2007年12月07日(金) マイクロソフトの新OS・ビスタ

 いつの間にか師走。昨日は大阪駅前第2ビルでのセミナー講師。例によって熱心な社会人の皆さんへの講義で力が入る。質問・感想を書いてもらうのだが,好評ではある。それでますます力が入る。ここのプレゼンテーション用パソコンがOSはVista(ビスタ)。先週など,突然のダウンが続き,最後はパワーポイントなしの講義となった。それでも,ハンドアウトをお渡ししてあるのと,パソコン・ダウンがかなり後半だったので被害は少なかった。

 今週は冷や冷やだったが,パソコンは落ちなかった。ビスタが悪いのか,ソフトが悪いのか,ま,相性の悪いソフトか何かが入っているのだろう。以前書いたと思うが,エクセルも2007が入っていて,これは設計思想が全く違う。2003とはまったく別物になっていて,これも使い勝手が良くない。マイクロソフトは王様だ。何でも庶民は受け入れてくれると思っているようだ。きっと「裸の王様」だと思う。ユーザーをバカにするなと言いたいところだ。

 それでも買わざるを得ない,そして,それになれざるを得ない悲しさ。王様には勝てないのだろうか。フランス革命ではないが,王様をギロチンにかけないと解決しないだろう。でも国王の軍隊は強そうだ。



2007年12月04日(火) 一目均衡

 日本経済新聞は,毎日目を通す。毎週火曜日に掲載される「一目均衡」というコラムは結構注目して読んでいる。その今日の「一目均衡」では,末村篤「2008年はドル支配の『分水嶺』?」というコラムが掲載されていた。その中で,やはり私も注目していたし学生諸君にも一読を薦めていた,11月30日掲載の野村證券元会長田淵節也氏の「私の履歴書」最終回から引用されている。
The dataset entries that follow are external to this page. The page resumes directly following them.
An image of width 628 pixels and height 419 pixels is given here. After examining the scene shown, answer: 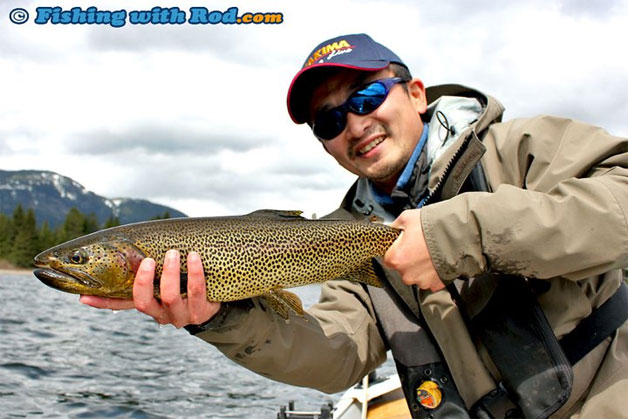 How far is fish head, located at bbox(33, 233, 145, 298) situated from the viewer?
127 inches

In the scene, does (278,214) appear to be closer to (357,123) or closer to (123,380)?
(357,123)

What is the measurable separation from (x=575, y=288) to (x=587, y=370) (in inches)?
19.4

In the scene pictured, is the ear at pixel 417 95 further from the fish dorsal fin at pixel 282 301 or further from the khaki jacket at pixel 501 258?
the fish dorsal fin at pixel 282 301

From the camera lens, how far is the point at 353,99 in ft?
14.0

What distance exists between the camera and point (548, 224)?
2680mm

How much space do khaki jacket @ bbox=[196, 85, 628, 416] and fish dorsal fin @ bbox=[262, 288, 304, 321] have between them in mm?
120

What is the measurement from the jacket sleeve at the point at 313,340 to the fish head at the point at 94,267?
599 mm

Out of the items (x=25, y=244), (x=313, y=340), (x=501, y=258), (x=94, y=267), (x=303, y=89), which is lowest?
(x=25, y=244)

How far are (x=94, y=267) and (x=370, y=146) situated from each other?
2235 mm

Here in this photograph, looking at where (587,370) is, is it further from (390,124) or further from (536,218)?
(390,124)

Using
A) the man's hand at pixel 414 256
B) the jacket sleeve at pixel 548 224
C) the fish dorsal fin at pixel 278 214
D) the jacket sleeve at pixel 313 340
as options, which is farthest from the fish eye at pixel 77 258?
the jacket sleeve at pixel 548 224

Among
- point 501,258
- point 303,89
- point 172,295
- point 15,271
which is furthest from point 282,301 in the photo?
point 15,271

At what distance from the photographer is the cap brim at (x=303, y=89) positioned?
13.6 feet

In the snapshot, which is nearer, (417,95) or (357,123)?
(357,123) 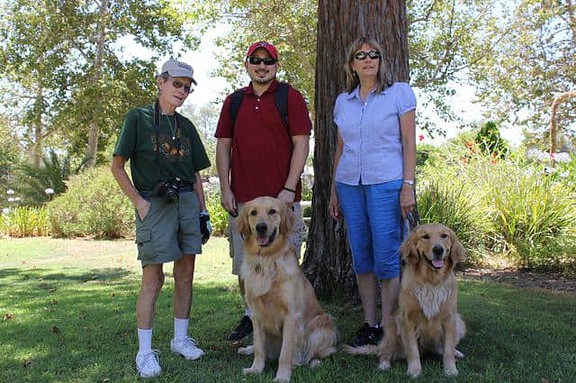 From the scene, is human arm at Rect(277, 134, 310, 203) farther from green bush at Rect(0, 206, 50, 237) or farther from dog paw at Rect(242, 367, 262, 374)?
green bush at Rect(0, 206, 50, 237)

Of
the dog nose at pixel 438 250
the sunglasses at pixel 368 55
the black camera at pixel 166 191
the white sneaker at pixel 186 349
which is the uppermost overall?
the sunglasses at pixel 368 55

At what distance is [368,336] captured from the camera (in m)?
4.20

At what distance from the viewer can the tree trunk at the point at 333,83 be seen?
499 cm

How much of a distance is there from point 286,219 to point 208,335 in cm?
161

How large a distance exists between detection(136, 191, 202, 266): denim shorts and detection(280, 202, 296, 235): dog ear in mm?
646

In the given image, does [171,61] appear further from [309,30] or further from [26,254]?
[309,30]

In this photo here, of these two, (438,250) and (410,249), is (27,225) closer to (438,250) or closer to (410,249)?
(410,249)

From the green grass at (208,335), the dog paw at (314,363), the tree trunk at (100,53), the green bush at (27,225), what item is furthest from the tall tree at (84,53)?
the dog paw at (314,363)

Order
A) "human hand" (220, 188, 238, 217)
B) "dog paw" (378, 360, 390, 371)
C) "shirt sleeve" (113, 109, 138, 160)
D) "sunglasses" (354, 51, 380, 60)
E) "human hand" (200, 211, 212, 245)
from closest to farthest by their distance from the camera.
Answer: "shirt sleeve" (113, 109, 138, 160), "dog paw" (378, 360, 390, 371), "sunglasses" (354, 51, 380, 60), "human hand" (200, 211, 212, 245), "human hand" (220, 188, 238, 217)

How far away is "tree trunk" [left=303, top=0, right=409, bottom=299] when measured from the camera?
4992 millimetres

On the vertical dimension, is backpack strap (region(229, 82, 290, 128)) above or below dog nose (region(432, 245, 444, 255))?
above

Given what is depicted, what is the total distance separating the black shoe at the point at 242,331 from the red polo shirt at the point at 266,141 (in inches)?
46.7

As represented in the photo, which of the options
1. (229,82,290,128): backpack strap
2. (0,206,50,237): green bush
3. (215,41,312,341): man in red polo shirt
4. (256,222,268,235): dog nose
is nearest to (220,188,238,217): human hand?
(215,41,312,341): man in red polo shirt

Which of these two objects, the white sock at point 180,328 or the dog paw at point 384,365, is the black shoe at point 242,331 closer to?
the white sock at point 180,328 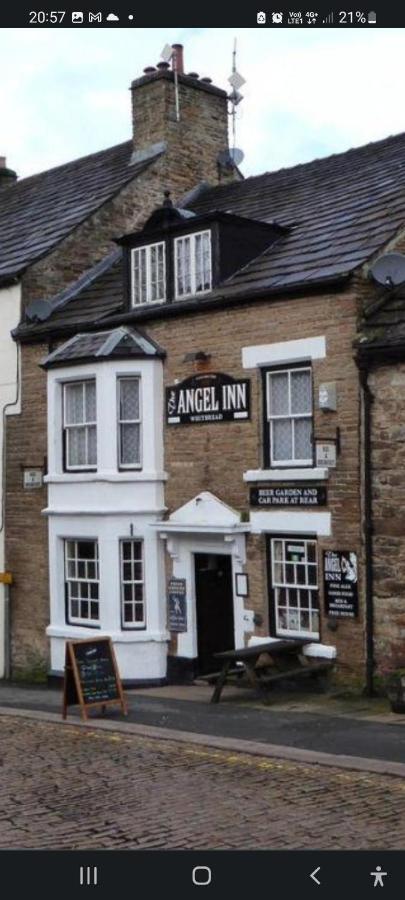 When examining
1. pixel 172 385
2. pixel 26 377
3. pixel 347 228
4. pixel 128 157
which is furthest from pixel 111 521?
pixel 128 157

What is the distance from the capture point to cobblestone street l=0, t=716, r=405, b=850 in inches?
334

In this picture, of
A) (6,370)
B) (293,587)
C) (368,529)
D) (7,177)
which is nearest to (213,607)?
(293,587)

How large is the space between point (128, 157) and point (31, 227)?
2.79 meters

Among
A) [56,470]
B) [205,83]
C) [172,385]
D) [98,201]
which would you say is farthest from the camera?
[205,83]

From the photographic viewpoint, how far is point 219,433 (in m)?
17.0

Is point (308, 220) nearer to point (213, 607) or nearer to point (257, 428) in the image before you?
point (257, 428)

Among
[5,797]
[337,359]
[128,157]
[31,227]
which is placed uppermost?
[128,157]

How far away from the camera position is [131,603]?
59.4ft

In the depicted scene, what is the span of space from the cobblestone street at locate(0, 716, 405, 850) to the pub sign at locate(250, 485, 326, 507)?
14.5 ft

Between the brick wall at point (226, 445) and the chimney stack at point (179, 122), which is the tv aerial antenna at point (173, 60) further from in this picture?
the brick wall at point (226, 445)

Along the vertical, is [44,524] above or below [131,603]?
above

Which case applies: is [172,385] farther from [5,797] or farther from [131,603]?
[5,797]

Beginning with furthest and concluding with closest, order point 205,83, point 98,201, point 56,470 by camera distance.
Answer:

 田淵節也氏は,イラク戦争への厭戦気分が蔓延しアメリカの「軍事力に翳りが出れば,ペーパーマネーのドルの信認が低下し,米国は金や原油,穀物などの実物資産を裏付けとする新しい通貨制度を考え出すのではないかと思う」とされ,「そうなれば,金本位制が『ドル紙幣本位制』に変わって以来の大変化だ。世界中が混乱し,アメッポン(田淵氏はニッポンがアメリカに振り回されてきた国だという意味でこう言われる)の日本は一番大きな影響を受ける。」こう言われている。

 この田淵氏の言葉を承けて,末村氏は,来年2008年は「ドル本位制」が退位するパラダイム転換の「分水嶺」の年になるのではないか,とされている。注目しておくべきだと思う。



2007年12月03日(月) 1週間が始まった

 週末は,例の大阪でのセミナーの準備,共著の執筆などに追われた。その間にも土曜午前にはN先生の訪問を受けたり,日曜の夜は4回生学生諸君のゼミコンパに出たりで,結構スケジュールが詰まっている。

 今日月曜日も,午前10時から大学院経営管理研究科の「営業」で銀行に行ったりで,午後は3回生ゼミ,そして18時以降は急遽入ってきた講義担当で2コマがそれにとられる。

 そんなこんなで,またまた1週間が始まった。